For this reason, it is important to do your homework. Make sure that you understand the exact reasons why your pre-authorization request was denied. If you were not given this information, call the insurance company and ask for it. If they are unable to supply you with this information, find out why not. (They may prefer that you discuss this with your doctor. If this is the case, make sure that your doctor has the specific reasons for the denial. You’ll need it when you make your case in the appeal process.)
Most of the time an appeal is a fairly informal proceeding, and no attorney is involved. However, if you feel that legal advice is needed, be sure to contact an attorney who is familiar with your state’s insurance laws. This report is not intended to replace legal advice.
It is possible that you can effectively appeal the original denial once you know the reasons for the denial. If one of the criteria listed in the medical policy has not been met, perhaps the insurance company simply needs more documentation from your doctor, or a letter of explanation.
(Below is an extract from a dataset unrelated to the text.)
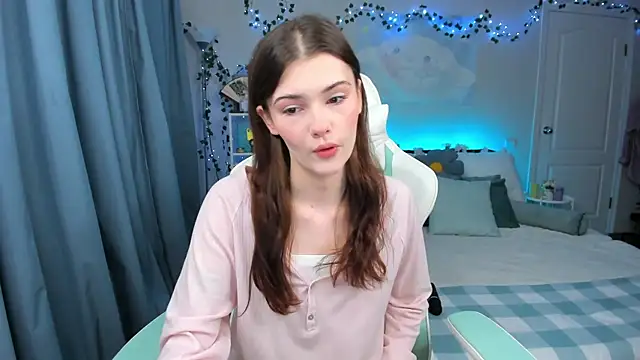 Snapshot of Zoe_Vee chatting on 10-23-25, 03:27 Zoe Vee online show from 10-23-25, 03:27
In other cases, you may just need more time – if the criteria requires documentation that you have tried a medically monitored diet for a year before becoming eligible for weight loss surgery, you may need to go on that diet, and be closely monitored by your doctor, before you’re eligible. After that time, a new preauthorization request can be made.
If you have a right to several levels of appeal, it may be necessary to go through the process more than once, in order to go high enough in the process to get an outside review board to look at your case. If this isn’t an option through your insurance company’s policies, you may need to send your second appeal to your state’s Insurance Division. Be sure that you approach each of these steps as thoroughly and professionally as possible.
I you provide all the necessary documentation, you know the procedure
is not excluded from your contract, and you meet all the insurance company’s
medical policy criteria – but your pre-authorization request and
your appeal are denied, it may be time to discuss your case with a qualified
attorney who specializes in health insurance law in your state.